# New Flight Uniforms



## dimsum (18 May 2010)

Zoomie said:
			
		

> FWIW - aircrew boots are going to be brown.  Along with CADPAT two piece zoom suits.  They found a company in France that could produce
> CADPAT on appropriately static resistant material.



Are the aircrew boots going to be the dark brown ones with the holes on the uppers?  And I guess that solves the "one or two-piece flight suit" question that I've heard bandied around.  I saw a 2-piece AR CADPAT flight suit here and had to do a double-take.


----------



## niceasdrhuxtable (18 May 2010)

Zoomie said:
			
		

> FWIW - aircrew boots are going to be brown.  Along with CADPAT two piece zoom suits.  They found a company in France that could produce
> CADPAT on appropriately static resistant material.



Is it the same cut and style as the current two-piece suit?

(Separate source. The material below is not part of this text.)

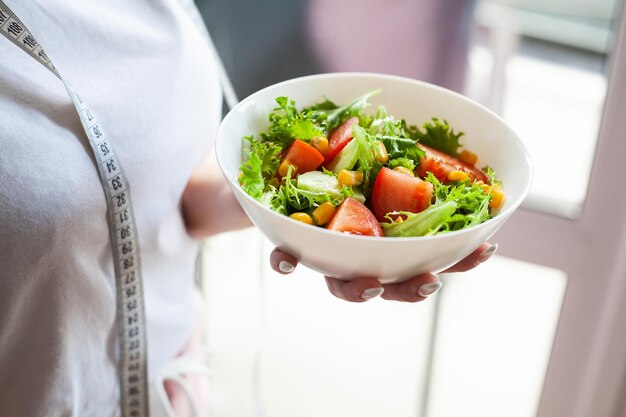 Bol vert salade écologique savoureuse saine dans la main femme sur cuisine légère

I can't imagine wearing anything more uncomfortable.


----------



## Eye In The Sky (18 May 2010)

Really?  I find with the 1 piece I am always f**king with my gitch and t shirt.  I wear the 2 piece and only that.

Not sure where this thread started but...I did see the email about the 2 piece only concept but I thought that was kinda retarded...what about the ejection seat folks, they are restricted to 1 piece aren't they??


----------



## SupersonicMax (18 May 2010)

We're never going to wear the 2-piece.


----------



## Eagle_Eye_View (19 May 2010)

I'm a 1 piece flight suit fan myself. I'm glad we're finally moving to brown boots. I wouldn't be surprise to see the fighter guys be the only ones wearing 1 piece in the future.


----------



## brian_k (19 May 2010)

Are CADPAT flight suits something that everyone wants?


----------



## Eye In The Sky (19 May 2010)

Speaking for myself...no.  Maybe the Tac Hel community...


----------



## Zoomie (19 May 2010)

SupersonicMax said:
			
		

> We're never going to wear the 2-piece.



Actually Max - ALSE has determined that the two-piece is perfectly suitable for all aircrew - including fast air.

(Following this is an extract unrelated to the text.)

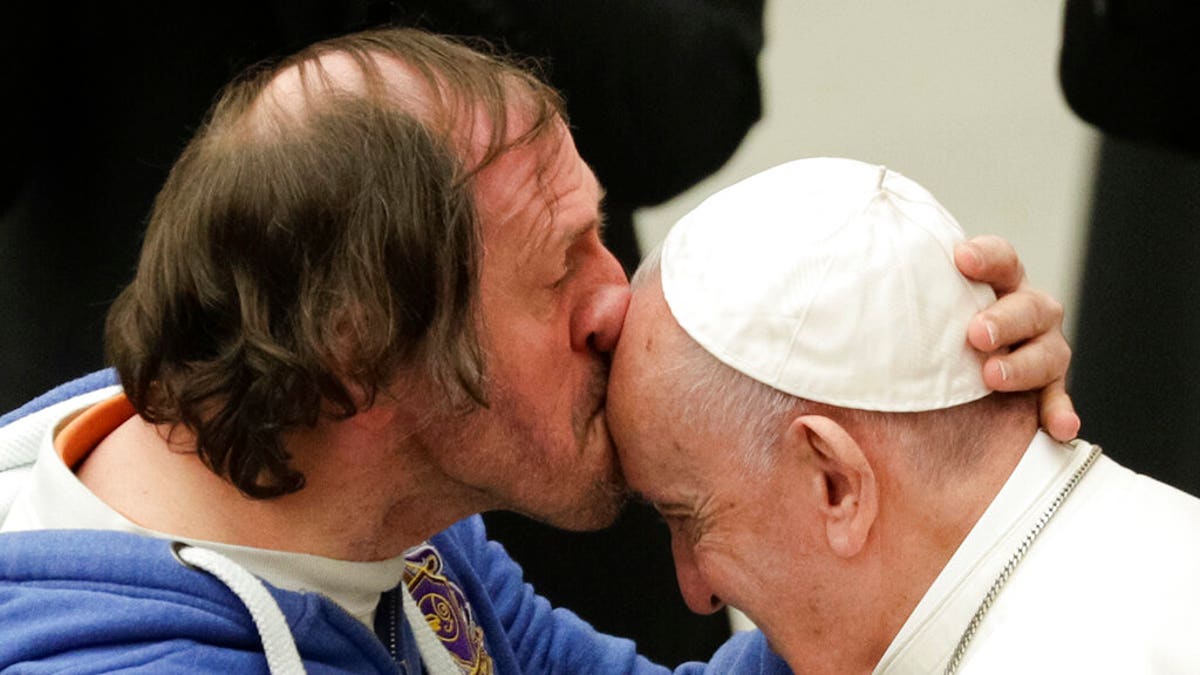 Pope Francis is kissed by a man during his weekly general audience, at the Pope Paul VI hall, at the Vatican, Wednesday, Feb. 19, 2020. 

That being said, I don't believe that they have completely written off the idea of a one piece CADPAT suit too.  We'll just have to see.  Peerless garments should be cutting cloth as we type.


----------



## SupersonicMax (19 May 2010)

Zoomie:  It would be funny to see Harvard II/Tutor pilots ending up naked from the waist down if they eject.  Not to mention the buckle that would be right where the G-Suit inflates for the Hornet/Hawk aircrew.  I don't think it would be a popular choice for the Fighter Force, and considering the ALSE issues we have now, I don't think we need to deal with another problem at this point.  FOTEF is trialing the "new" flight suit and I can tell you it's not 2-piece.

Who came up with the idea that a 2-piece is suitable for ejection seat aircraft?


----------



## GenePool (24 Aug 2010)

TB said:
			
		

> I'm a 1 piece flight suit fan myself. I'm glad we're finally moving to brown boots. I wouldn't be surprise to see the fighter guys be the only ones wearing 1 piece in the future.



G'Day,

I'm new and I'll be training as an AEC.  From what I've heard speaking to AEC's is that their day to day uniform is the one peice flight suit and I've gotten the impression there are mixed feelings about.  I've heard hot, sticky, not breathable, itchy material.  

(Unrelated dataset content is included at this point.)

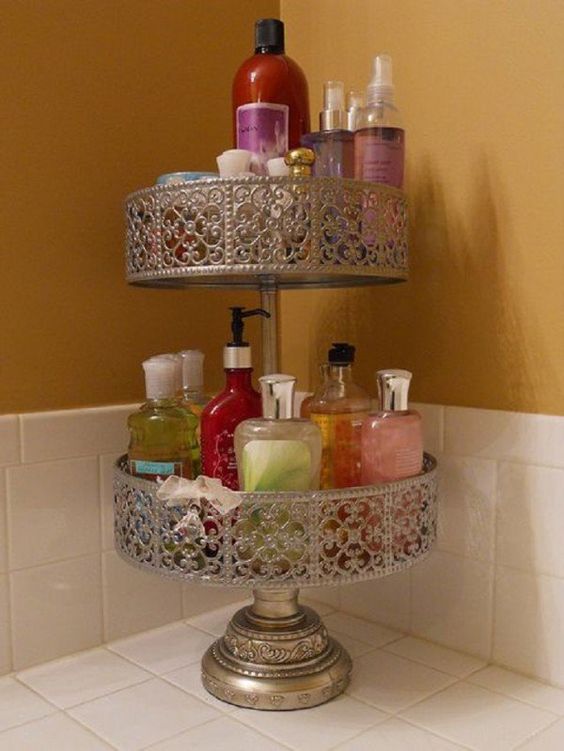 2 tier cake stand covered in lotions, shampoos and other cosmetics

Any insight would be appreciated.

Cheers


----------



## Strike (24 Aug 2010)

GenePool said:
			
		

> Hot, sticky, not breathable, itchy material.



That sums it up pretty good.  The 2 piece isn't much better.


----------



## SupersonicMax (24 Aug 2010)

All the controllers I have met wore the regular CADPAT, unless they were themselve aircrew.


----------



## dimsum (25 Aug 2010)

I remember having a chat with one of the guys here who was an AEC back in Canada.  Apparently the only ones who wear flying suits are AWCs posted on AWACS; the rest are in CADPAT.


----------



## Jorkapp (25 Aug 2010)

Dimsum said:
			
		

> I remember having a chat with one of the guys here who was an AEC back in Canada.  Apparently the only ones who wear flying suits are AWCs posted on AWACS; the rest are in CADPAT.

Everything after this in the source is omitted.